# Does your cat wear collars?



## konstargirl (Feb 4, 2011)

Today I went to petco to get a new aquarium light and a new collar for Misa because the other two collars made her itch. So I bought a new collar( It's actually a dog collar) and so far she loves it. It doesn't bother her or anything and it's cute. SO yeah I give my cat collars in case goes missing. I think pink looks best on her instead of black










So now I'm saving the other two collars in case I get a second or two more cats. hehe..

What about you guys?


----------



## MowMow (Nov 6, 2010)

MowMow won't wear them.
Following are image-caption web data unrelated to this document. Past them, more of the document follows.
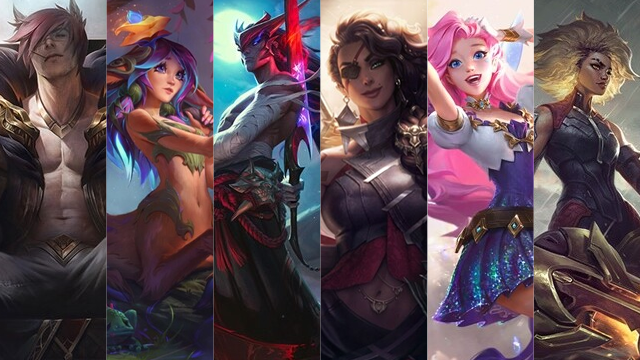 英雄联盟有多少个英雄，英雄联盟总的有几个英雄（2020年新英雄回顾）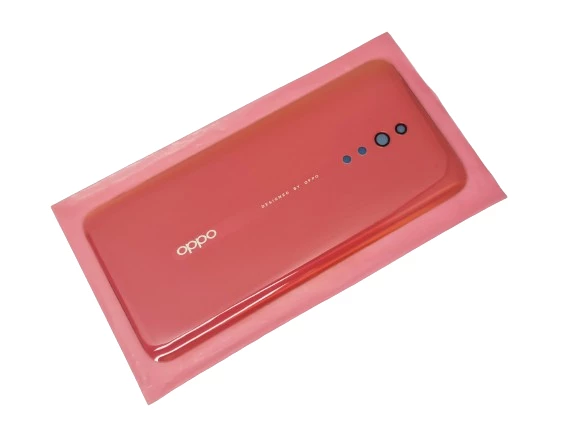 Oppo Reno Z Arka Pil Batarya Kapağı (CAM) KIRMIZI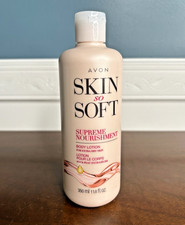 Avon Skin So Soft Supreme Nourishment Creamy Body Wash 11.8 fl oz NOS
If they are breakable he rips them off and those are the only kind I let him wear.


----------



## konstargirl (Feb 4, 2011)

Aw! That sucks. I bet he looks good in a collar. Maybe black. lol


----------



## Carmel (Nov 23, 2010)

Blacky wears a flea collar for about 3 months of the year, you can't really see it since she's long haired.
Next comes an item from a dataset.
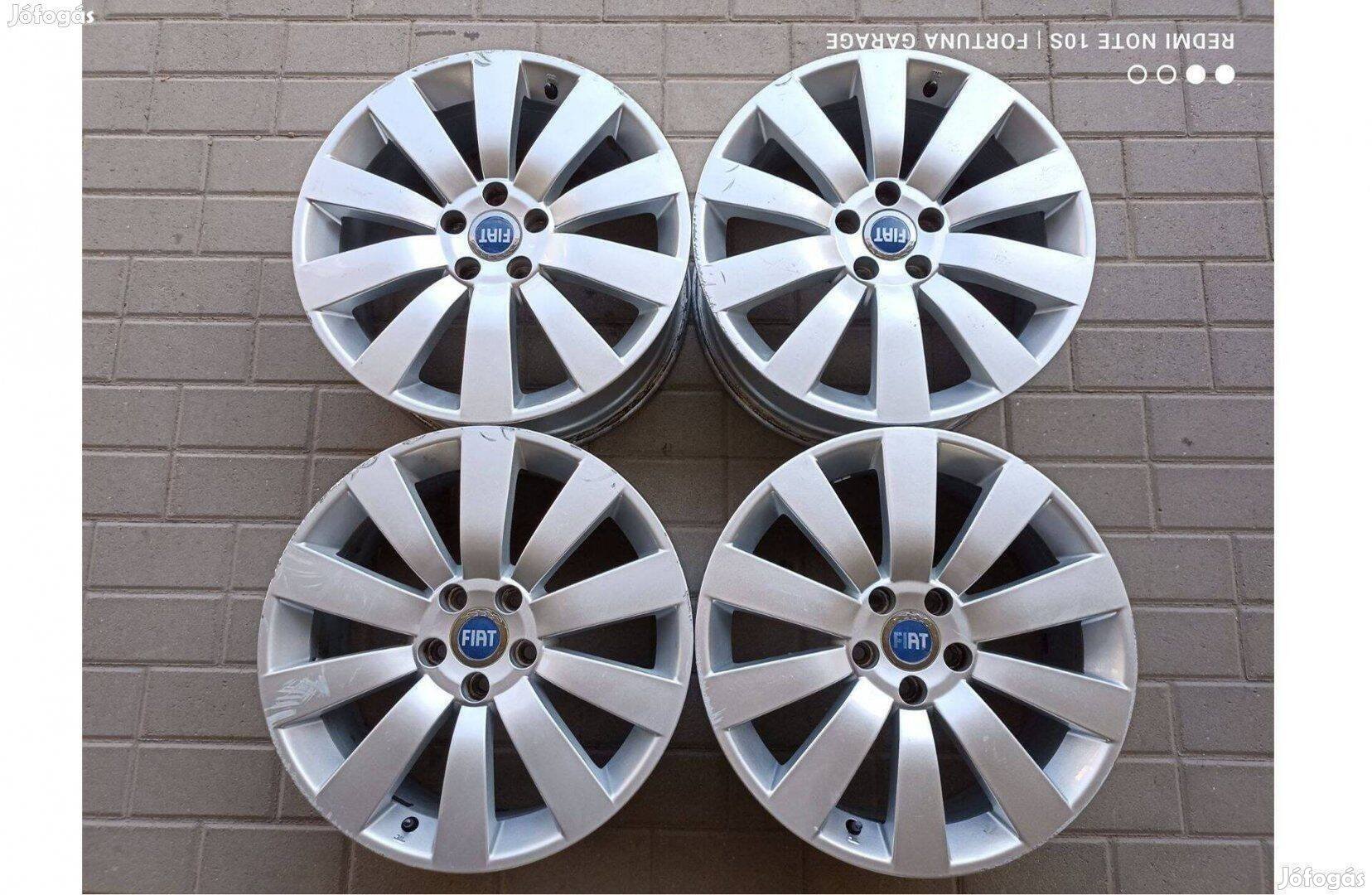 5x110 18" Fiat Croma használt alufelni garnitúra (R)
Recently I bought her a green breakable collar along with an ID tag but I haven't put it on her yet, I'm waiting until I take the flea collar off around September.


----------



## Lineth (Apr 12, 2011)

*NOt my Danna*

Well, I bought Danna a collar, and a name tag with her name and all the info, but I am not a fan of her wearing a collar 24/7. I only put that collar on her when she goes outside to hang on my porch just in case, but the majority of the time she is an indoor cat so she doesn't wear nothing but her fur lol.


----------



## Time Bandit (Aug 17, 2010)

My girls only wear theirs on "special occasions". If we have visitors in the house, they wear their breakaways, so I know they aren't getting into trouble. If we go outside or to the vet, they wear their official collars with tags. Otherwise, my girls are naked!


----------



## konstargirl (Feb 4, 2011)

Carmel, Thats a cute green collar.  I never saw a green collar before. XD

@Lineth: That seems reasonable.  I'm afraid of my cat not wearing a collar especially if she goes outside. My sisters cats wear collars all the time even though Francis is a indoor cat and Vinnie a dog. lol

@Time bandit: Haha Naked. I think some cats look good even without collars.


----------



## Time Bandit (Aug 17, 2010)

See, I like collars. I think they are cute. I have at least a dozen, because I can't help myself when I see an adorable collar. XD

But Alice hates them, and will take them off first chance she gets, and Rochelle and Samantha tolerate them, but they'd rather not wear them if they don't have to. So yeah...naked kitties...they prefer it that way.


----------



## ArtNJ (May 18, 2011)

No, Rockie considers it a violation of the cat-owner contract to touch her neck. She delivers a rather painful cease and decist notice. Apparently she didnt get the memo about cats not having nerves there. 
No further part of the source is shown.